As the name implies, wildlife refuges are areas set aside for native mammals, birds and fish to multiply and flourish. President Theodore Roosevelt established the first wildlife refuge in 1903, Florida’s Pelican Island.
Back in the “drill, baby, drill” days of a decade ago, many conservatives argued that exploiting the oil and gas reserves in the Arctic refuge would help free America from dependence on foreign oil. And it would bring down the price of gasoline at the pump.
Were the U.S. facing a national emergency (which we weren’t back then, either), we’d be having a different conversation. Not only is America now far less dependent on energy imports but also it’s become an exporter. And note that there’s currently very little rending of garments over the price of gas.
Thanks to the shale oil drilling boom, the U.S. is the world’s largest producer of oil and gas. Domestic demand, meanwhile, has flattened as Americans shift to more efficient vehicles. Consider also that the revolution in electric vehicles has barely begun.

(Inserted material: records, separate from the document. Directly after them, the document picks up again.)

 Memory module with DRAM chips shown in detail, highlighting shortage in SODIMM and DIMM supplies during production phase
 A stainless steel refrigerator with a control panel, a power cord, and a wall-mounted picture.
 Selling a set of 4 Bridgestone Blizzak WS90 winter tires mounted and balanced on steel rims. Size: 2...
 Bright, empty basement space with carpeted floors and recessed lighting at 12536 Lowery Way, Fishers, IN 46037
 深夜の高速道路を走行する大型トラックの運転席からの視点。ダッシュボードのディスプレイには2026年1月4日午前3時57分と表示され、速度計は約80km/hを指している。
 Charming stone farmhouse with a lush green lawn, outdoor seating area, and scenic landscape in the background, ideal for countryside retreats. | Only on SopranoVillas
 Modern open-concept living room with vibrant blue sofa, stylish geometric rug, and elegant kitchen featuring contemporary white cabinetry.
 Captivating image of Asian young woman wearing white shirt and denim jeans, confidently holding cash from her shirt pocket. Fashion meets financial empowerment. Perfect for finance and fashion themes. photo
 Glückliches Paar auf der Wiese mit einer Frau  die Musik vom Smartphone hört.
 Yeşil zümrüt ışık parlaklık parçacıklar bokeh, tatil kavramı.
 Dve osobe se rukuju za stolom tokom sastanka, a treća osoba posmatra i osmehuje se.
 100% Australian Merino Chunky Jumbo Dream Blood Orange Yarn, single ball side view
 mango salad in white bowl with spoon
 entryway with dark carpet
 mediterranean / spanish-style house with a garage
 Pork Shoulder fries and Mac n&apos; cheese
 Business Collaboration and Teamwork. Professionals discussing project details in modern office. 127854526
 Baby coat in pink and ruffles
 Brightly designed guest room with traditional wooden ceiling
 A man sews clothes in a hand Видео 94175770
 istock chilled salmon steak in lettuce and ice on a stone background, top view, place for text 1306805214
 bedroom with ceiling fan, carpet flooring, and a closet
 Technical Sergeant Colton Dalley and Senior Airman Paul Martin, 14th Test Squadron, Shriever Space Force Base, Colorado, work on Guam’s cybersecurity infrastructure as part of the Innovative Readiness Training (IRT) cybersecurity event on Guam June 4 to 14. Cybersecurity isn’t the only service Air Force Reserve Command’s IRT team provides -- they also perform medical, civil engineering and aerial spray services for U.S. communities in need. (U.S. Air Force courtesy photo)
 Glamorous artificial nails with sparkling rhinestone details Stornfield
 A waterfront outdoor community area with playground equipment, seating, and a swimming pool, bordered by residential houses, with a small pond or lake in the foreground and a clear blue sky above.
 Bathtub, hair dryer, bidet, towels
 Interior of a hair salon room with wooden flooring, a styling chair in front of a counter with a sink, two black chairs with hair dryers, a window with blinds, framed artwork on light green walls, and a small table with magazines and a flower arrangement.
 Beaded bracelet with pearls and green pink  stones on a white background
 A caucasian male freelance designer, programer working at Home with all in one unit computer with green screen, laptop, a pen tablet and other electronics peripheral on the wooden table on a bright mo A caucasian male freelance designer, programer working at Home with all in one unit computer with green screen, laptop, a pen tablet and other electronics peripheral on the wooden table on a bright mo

Falling energy prices have destroyed about 100,000 oil jobs in Texas since 2014. The industry’s one bright light has been a surge in exports being sent out of ports in Texas and Louisiana. Destinations include South Korea, India and, of course, China. Some of the crude from West Texas shale fields is ending up in European countries seeking supplies outside politically unstable parts of the Mideast and Africa.
So why all of a sudden do we have to invade our pristine wildlife refuges in the name of energy security? We do not. The go-to incentive for selling all kinds of American birthrights — let’s add health care security to our wilderness crown jewels — has been tax cuts.
Those salivating over the tax-cut stew should know that ravaging the Arctic National Wildlife Refuge would not make it fiscally responsible. As implied earlier, recent Arctic lease sales would point to a haul in the range of $145 million, nowhere near the $1 billion projected by the Congressional Budget Office.
It’s unclear that drilling in the refuge would even make economic sense for the players. Analysts say the price of oil would have to top $70 a barrel to make drilling worth the companies’ efforts. The U.S. benchmark price recently stood at about $57. Some think the price will rise, but others see it falling. This would be a risky bet.
One doesn’t know how to put a price on the continued survival of arctic foxes, musk oxen, caribou and polar bears. Some cost-benefit analyses of environmental protections present tough choices. Sacrificing America’s natural birthright to partially offset a rich person’s tax cut would be a mess-of-pottage deal.